The song Rubber Ballz switches from the retrospective journey of “Mildenhall” to a sun lit pop confection. The song is about a girl who strokes her own ego at the expense of the lovelorn narrator. He knows she is just using him but he is captured in her web. The song is totally relatable to anyone ever caught in an awkward one sided epic crush. The track effectively recalls all the agony and commiserates. Half a Million is a wry rocker that cleverly examines the promises we made ourselves as we were growing up. Those promises are reexamined from the viewpoint of middle age. Here again the music is the transporter to that earlier time.
Dead Alive is a companion to Mildenhall again examining the differences Mercer noticed between the US and UK; one with a sun soaked west coast and the other with the ever present rain of the UK. The song has a wonderful psychedelic pop vibe with a spectacular Hammond organ effect. By the end of the song Mercer ends up treasuring the perspective he gained from both locations. The title track Heartworms is the briefest track on the album but still delivers quite a punch. This track could have fit on “Oh, Inverted World” without skipping a beat and likens obsessions of the heart to the inability to get rid of heartworms that lead to doom.

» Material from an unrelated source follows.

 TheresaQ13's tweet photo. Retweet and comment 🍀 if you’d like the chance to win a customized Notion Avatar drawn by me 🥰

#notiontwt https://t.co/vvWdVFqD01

So What Now probably has the most Broken Bells sonic of the collection which seems counter intuitive with former Shins band mate Richard Swift at the controls. The scintillating swirling ballad is a lovely song about the endurance needed in a relationship. It asks in the song where do we go after so long together, “I had this crazy idea we were somehow close to the end… what do we do, just begin again”. It acknowledges long term commitments are hard but worth it in the end, “Hope you know you’re my best friend.” That touching sentiment makes it a winning selection.

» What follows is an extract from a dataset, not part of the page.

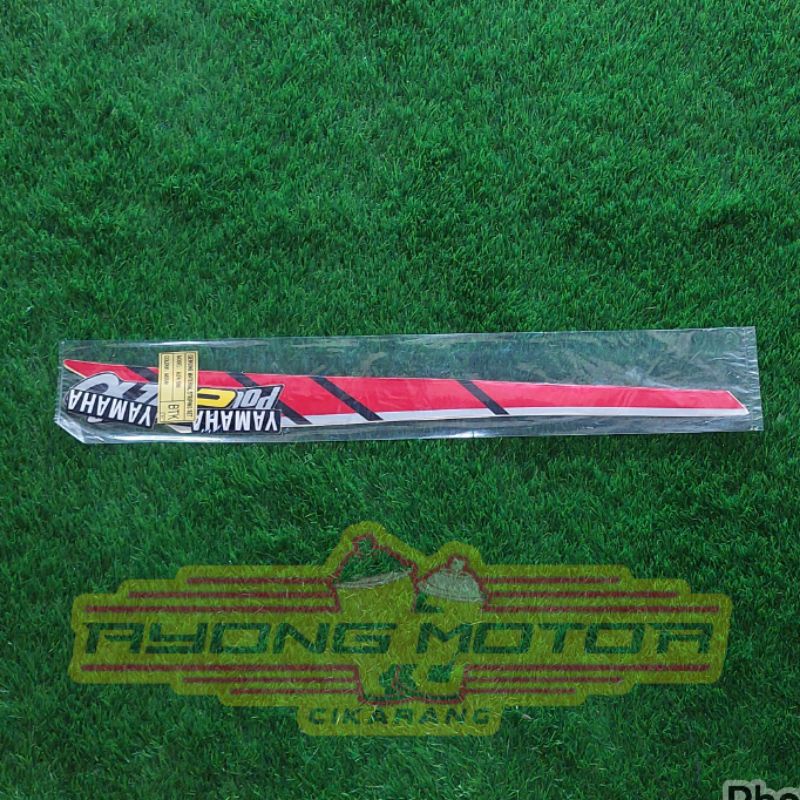 Striping Yamaha Alfa 1990 Hitam Merah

When you think that James Mercer has utilized every weapon in his vast collection he unleashes The Fear which readily displays his impeccable ear. The song combines an acoustic guitar with a Mexicali mariachi vibe to create a beautiful lullaby pointing out how we should never let fear keep us from our full potential. The song oscillates from the quieter emotions of acoustic guitar to cacophonic noise and back again making for an enticing selection. Throughout the song he also jumps from the large things that keep us from our dreams to the little things that are just as deadly. He condemns how we waste time with lines like, “We’re spending another pointless year foaming at the mouth.” In the end the message is just do it!
It can be agonizing for fans of many established performers to wait for their new releases. Like many bands that fall into this classification The Shins can never be accused of hasty releases, but in this case the wait is so worth it. There is not a subpar song in the playlist. Each song is a magnificent creation impeccably written, produced and performed. James Mercer once again displays his plethora of skills in the popular music arena; a medium which all too often goes for that which is create quickly and best described as tawdry over the craftsmanship and quality on offer with Heartworms. If time is what is needed for Mercer to produce this kind of release I for one can wait as long as it is necessary.